Confirming what we reported two weeks ago, when we said that based on Treasury custody holdings at the NY Fed "foreign central banks have been quietly scooping up US treasurys", moments ago Bloomberg reported that China is prepared to increase its holdings of U.S. Treasuries "as officials judge the assets are becoming more attractive than other sovereign debt and as the yuan stabilizes.
"Citing source, Bloomberg adds that Chinese policy makers expect that U.S. government debt will be more attractive compared with other countries’ assets, and again confirming what we showed on May 25, adds that China has recently stopped reducing its holdings of U.S. bonds.
While the move is a reverasal to China's liquidation of US paper in 2016, when reduced its ownership of Treasuries by the most on record as it sought to defend a weakening yuan, it merely confirms recent trends observed in both the Treasury's TIC statement and custody holdings data. Bloomberg confirms as much, reporting that "China has since changed strategy, adding to its holdings in the two months through March."
Following the Bloomberg report, the 10Y Treasury yield dropped to a new YTD low of 2.136%, while the 5Y has slid to 2017 lows of 1.6909%.
For those who missed it, here are excerpts from our May 25 report titled "Foreign Central Banks Are Quietly Scooping Up US Treasurys", which previewed all that Bloomberg just reported.
As the latest custody data from the Fed reveals, in 2017, debt held at the Fed on behalf of foreign central banks has jumped by $61.2 billion to $2.922 trillion, the highest level since June 2016.
One of the biggest buyers has, perhaps surprisingly, been China - the second largest foreign holder of US paper after Japan - which after selling $188 billion in Treasurys in 2016 has bought $29 billion YTD according to the latest TIC data.
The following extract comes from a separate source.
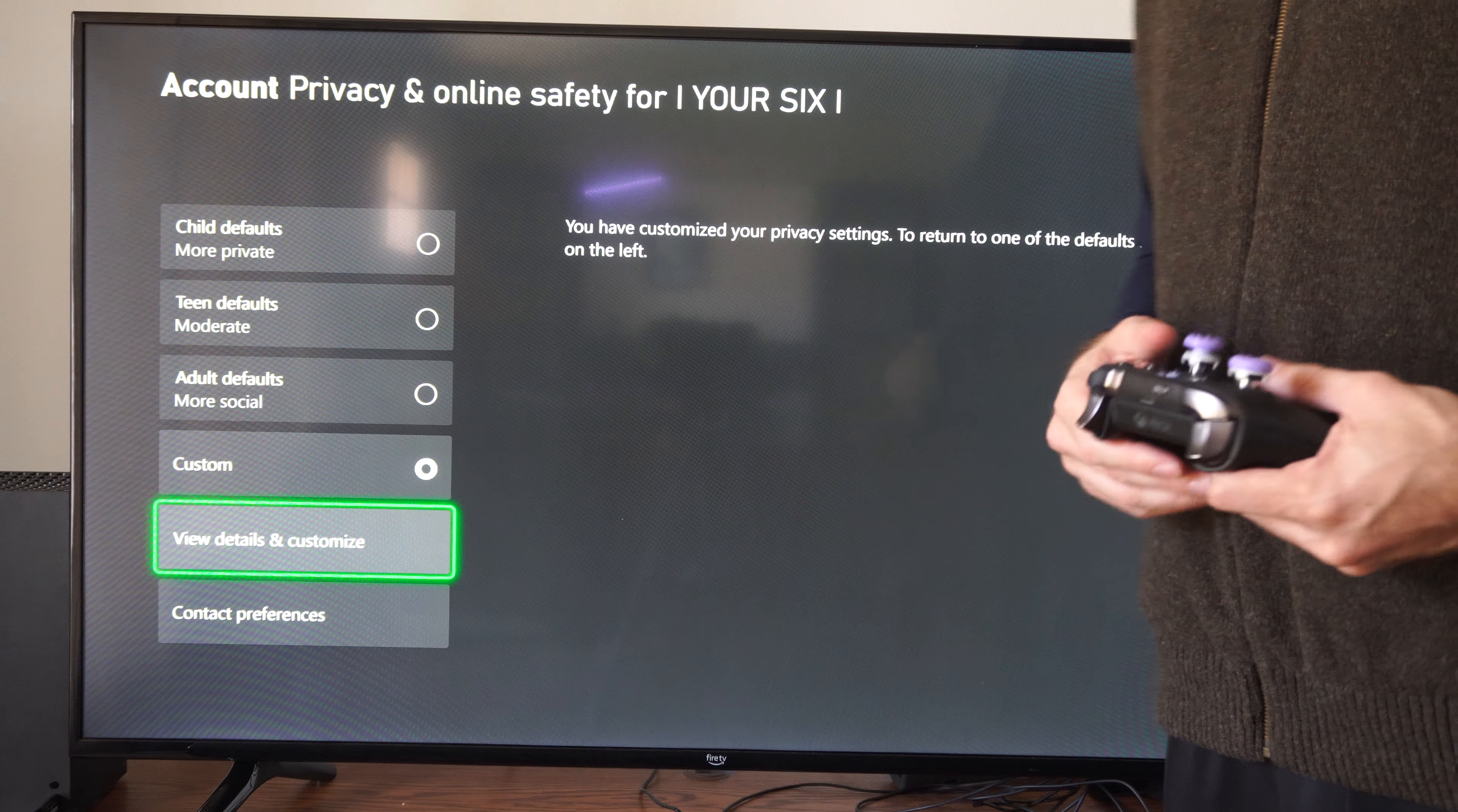Then go to communication and multiplayer where we can do things like you can join multiplayer games. Make sure this says allow, otherwise you won't be able to play online.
A main driver behind this mini buying spree is that the relentless Chinese reserve outflow, which started in late 2014 and continued for over 2 years, has moderated after the PBOC erected an unprecedented firewall to contain capital inside the country, and which has removed the pressure on the PBOC to liquidate US-denominated assets to offset the capital outflows.
As the WSJ observes, China’s foreign reserves slid more than $500 billion between August 2015—when China shocked the world with a one-time devaluation of the yuan—and December 2016. The reserves have since rebounded from $3.01 trillion in December to $3.03 trillion in April. The slowdown in reserve outflows has also afforded the Chinese Yuan with a period of surprising stability, which has been cited by some as the reason why emerging markets have remained very stable in light of the recent geopolitical and commodity volatility.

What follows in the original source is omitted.